The price of something is decided by the market demand. If a company is able to lower costs, it will keep the extra profit to itself. It will lower prices only when 1) there is competition, and/or 2) they believe that lower prices will lead to much larger volume, leading to  the net dollar value of the revenue (price x volume) being much larger than before. Since no one can be sure that the volume will increase on lowering prices, and it will need extra investment and hassle on the company's part to increase volumes, the safest bet is to keep prices unchanged; and that means they will just keep the extra cost savings to themselves. Only a foolish businessman passes along their extra cost savings to the customers; the intelligent one just keeps it himself!

What is more likely to happen when companies merge is that they will reduce competition, and therefore in reality increase prices for the consumers. It is like collusion; and only competition lowers prices. The larger the companies, the less the competition; and the more chances they have to collude and raise prices (easier to collude when there are 2 to 3 actors than when there are 10 to 20). Mergers almost always will result in higher prices for the consumers. They should never be approved.

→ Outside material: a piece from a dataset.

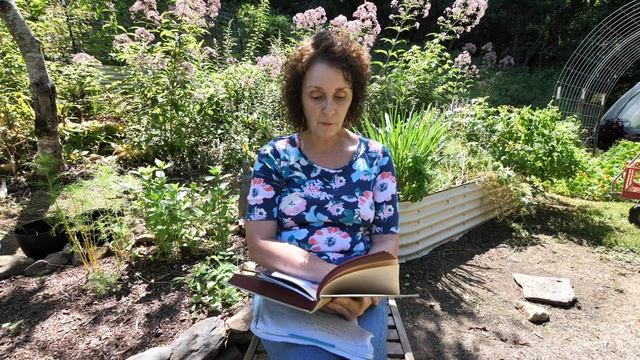 9 Brides & Granny Hite 5 - Furriners & The End of a Feud смотреть онлайн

The only exception where they can be approved are when the product is international-e.g. crude oil, copper, etc. Since there are many big competitors in other countries, it makes sense for commodities which are easily shippable worldwide to have large players at home as well. But this should be done only if we can buy foreign goods easily. In almost all cases, this is not true; therefore, mergers in general are bad for the country's consumers.

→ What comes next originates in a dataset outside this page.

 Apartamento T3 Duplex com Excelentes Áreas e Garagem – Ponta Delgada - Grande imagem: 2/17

But here I just wanted to point out the fallacy of the argument of Economies of Scale - Lower Costs-Lower is simply Economies of Scale and Lower Costs, but not Lower Prices for the consumers. Those are two different things-lower costs are a benefit of economics of scale. But what lowers prices in the marketplace is competition. The producers always want to lower their costs and increase their profit margins; and they use bogus arguments to get the Governments and anti-monopoly organizations to pass  their mergers.

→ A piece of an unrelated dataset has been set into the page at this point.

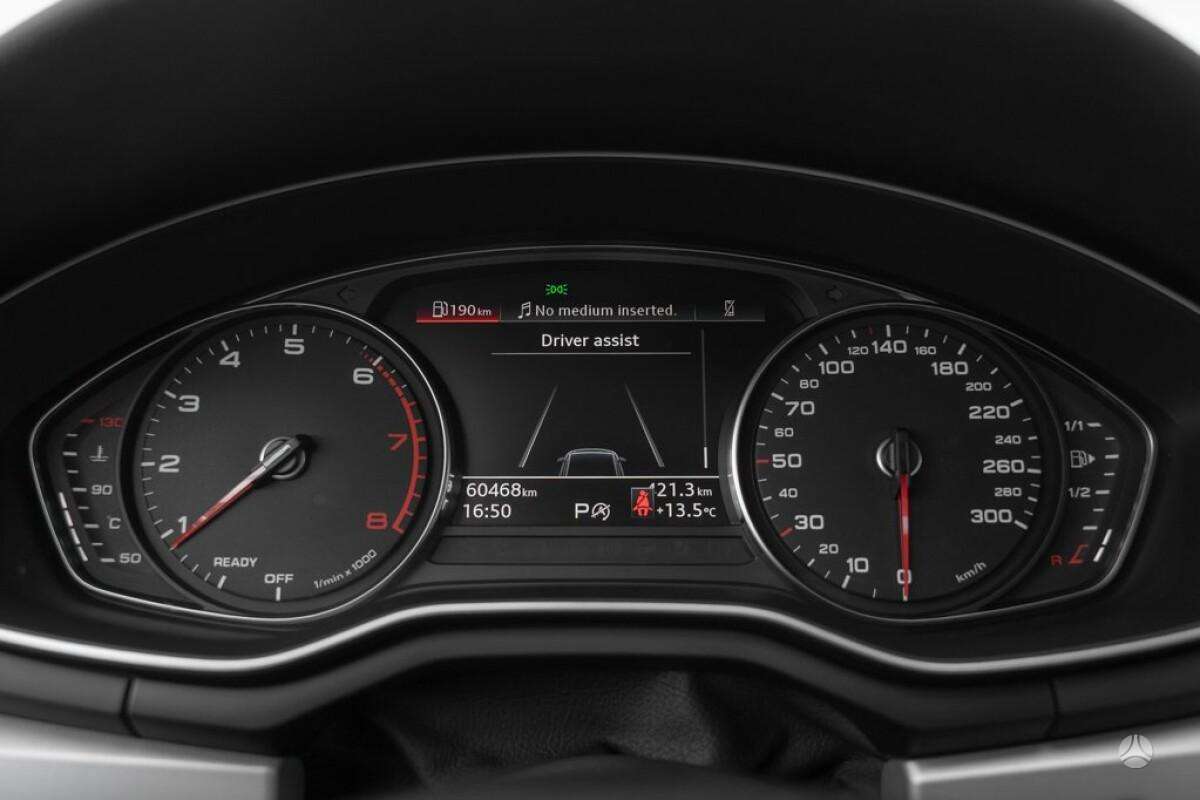 Audi A4, 2.0 l., Седан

Taking out a competitor lowers competition, and therefore increases prices for the consumers.

Next time a trade body like the FDA or FTC of your country approves a merger, tell them this! Almost all countries in the Americas, both North and South, have a problem in the Telecom and Pharma Sector. The Telecom monopolies are really horrible for the country's consumer. This is why Carlos Slim is so rich-he has little competition, and Mexico has given him a license to screw over all Mexicans by having little or no competition.

Competition and presence of many actors lowers prices for consumers. Mergers do exactly the opposite.